Yesterday, I looked at Arsenal’s transfer business and concluded that they deserve an A minus! Well, I didn’t exactly state that, but if you read between the lines, you would have picked that up. After all, the Gunners are supposed to be A-grade students of the game, but they would have just about managed a C Grade at GCSE level in the last campaign!
Now let’s take a look at the clubs with names that start with B, some of whom would be more than happy with Arsenal’s final position of 6th in the class behind Man City (1st), Man Utd (2nd), Spurs (3rd), Liverpool (4th) and Chelsea (5th). Those boys ought to be made prefects! Erm, then again, maybe not!
However, how about the bad boys in the Premier League class?
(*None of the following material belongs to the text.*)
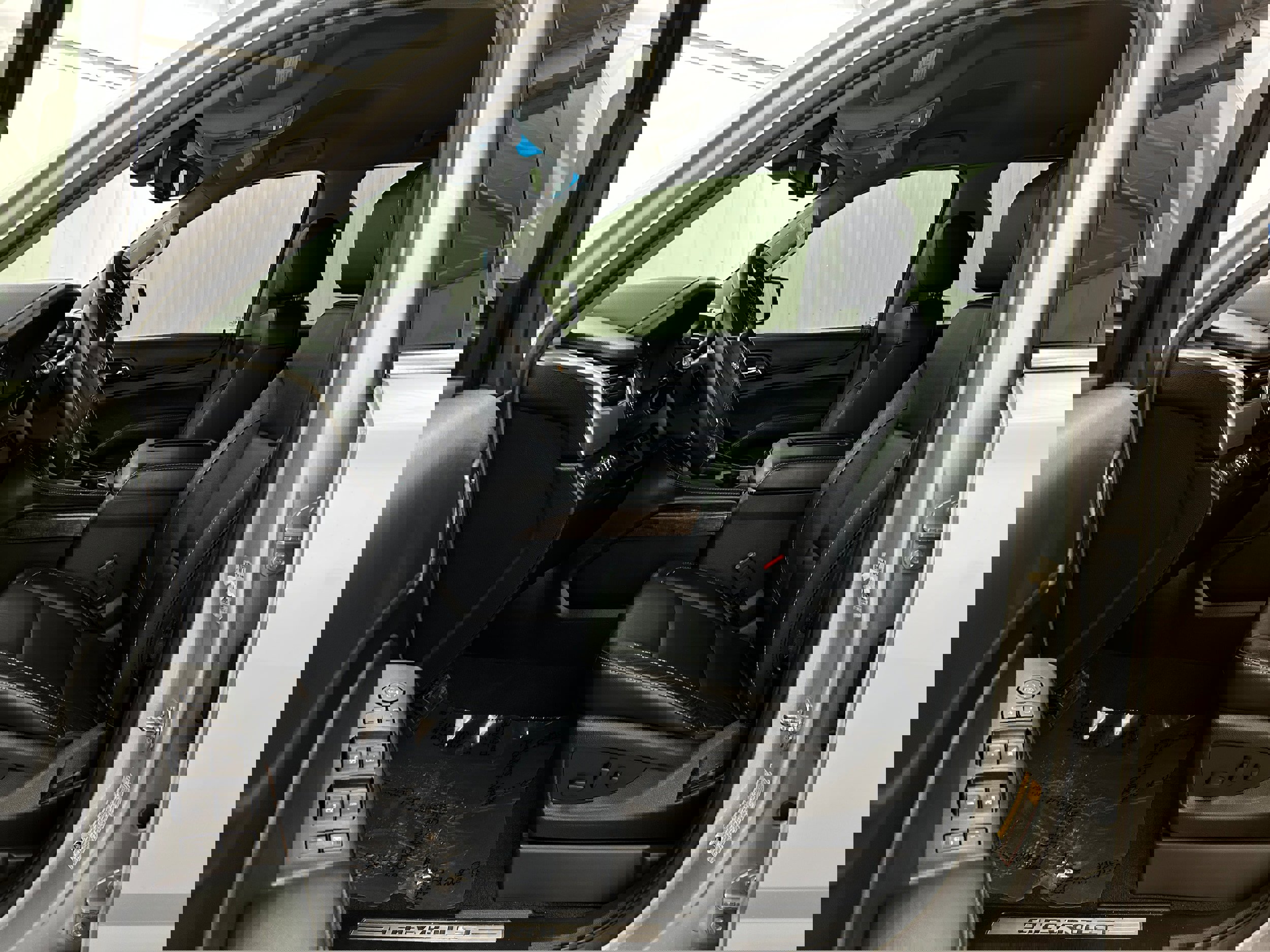 Used 2019 Chevrolet Tahoe LT AWD/4WD image 4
By that, I mean the teams that are not expected to do well.
You could say that Bournemouth are one of the ‘goody-two-shoes’ in the class, with their polished football skills and comparative lack of disciplinary points. However, being one of the teachers’ pets didn’t help Swansea much, as they hurtled down a division last time around. Therefore, it’s more about grit and determination (or a bit of foul play), if you want to excel. Into the engine room of midfield comes David Brooks from Sheffield United for a fee that could reach £11.5m. Perhaps the ex-Blade will provide a cutting edge for the Cherries, but with the £18m-plus-worth of offensive exits, which includes: Benik Afobe (10 goals in 63 appearances), Lewis Grabban (who couldn’t seem to find the net enough in the Premier League), and the attacking but misfiring Max Gradel, clearly the club are looking to bring in someone more proven in the goalscoring department (despite scoring a not-too-shabby total 45 goals in 38 games last time around). They’d better get their skates on as there’s not long to go until the transfer window shuts!
Next up, let’s look at Brighton. Everyone (well, almost everyone!) has been hailing the Seagulls manager, Chris Hughton, for being Mr Shrewd (not Scrooge!) on the transfer front. My only concern is too much change is not necessarily a good thing, as Brighton have brought in: Yves Bissouma from Lille to strengthen midfield, and Leo Balogun to bolster the defence. Aside from that, Brighton have recruited decent keepers in David Button, Jason Steele and the promising Hugo Keto, while taking a bit of a risk on Bernardo, Percy Tau, and the not-exactly-prolific Romania international striker Florin Andone. Not counting ‘undisclosed’ transfer fees, Brighton have spent in excess of £30m on eight players, while five have been sold or allowed to leave. That’s quite a turn-over, and Brighton’s success next season depends on how well Hughton can help the new arrivals to settle. Personally, I think it’s going to be a tough season ahead for Brighton.
Now for the opposite extreme: Burnley. The Clarets in the transfer market reminds me of Peter Cook’s fictional adventure into the world of restaurants. When asked how business had been at the ‘Frog and Peach, Cook replied: ‘Let me answer that in two parts. There hasn’t been any business and nobody’s been’. It’s a bit like Burnley, who are reportedly hoping to land Vinny Steele from York City and Nantes’ Abdoulaye Toure. Meanwhile, two players have left, so it’s as you were at Turf Moor. That’s not necessarily a bad thing, as the Clarets over-achieved last season and could possibly prove difficult to beat once more, as long as they hold onto their much sought-after manager, Sean Dyche.
Nevertheless, it’s hard to imagine Burnley or the other teams above pushing Arsenal for 6th spot or above in the forthcoming season. The Gunners have certainly been much busier than two of the ‘B’s, when it comes to the transfer market.